Word for word, restate the data that follows, omitting the images.

[[ Data extract, beginning ]]

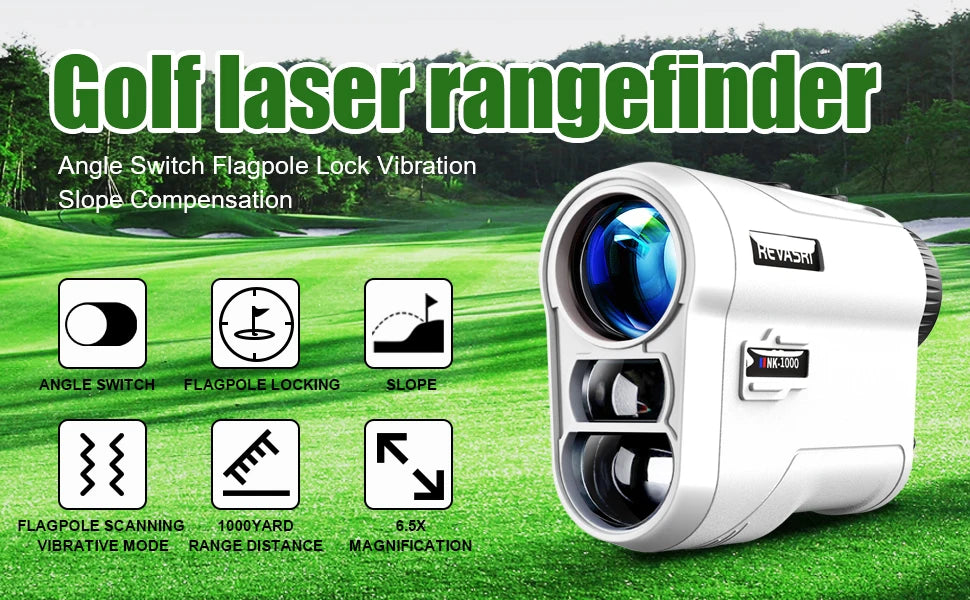 Revasri Golf Laser Rangefinder with Slope and Vibration - Smarsty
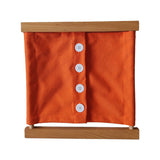 Монтесори Рамка За Закопчаване - Големи Копчета - Занимателни Играчки - Smartbaby - BebeMama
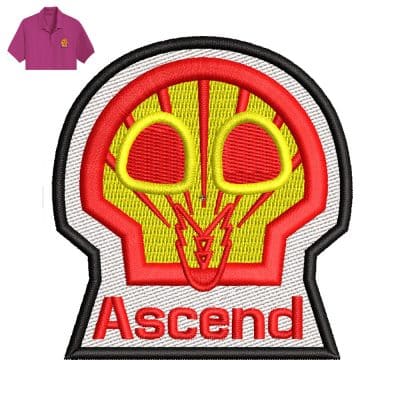 Ascend Embroidery logo for Polo Shirt .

[[ Data extract, end ]]

## Completed exercise
 Revasri Golf Laser Rangefinder with Slope and Vibration - Smarsty
 Монтесори Рамка За Закопчаване - Големи Копчета - Занимателни Играчки - Smartbaby - BebeMama
 Ascend Embroidery logo for Polo Shirt .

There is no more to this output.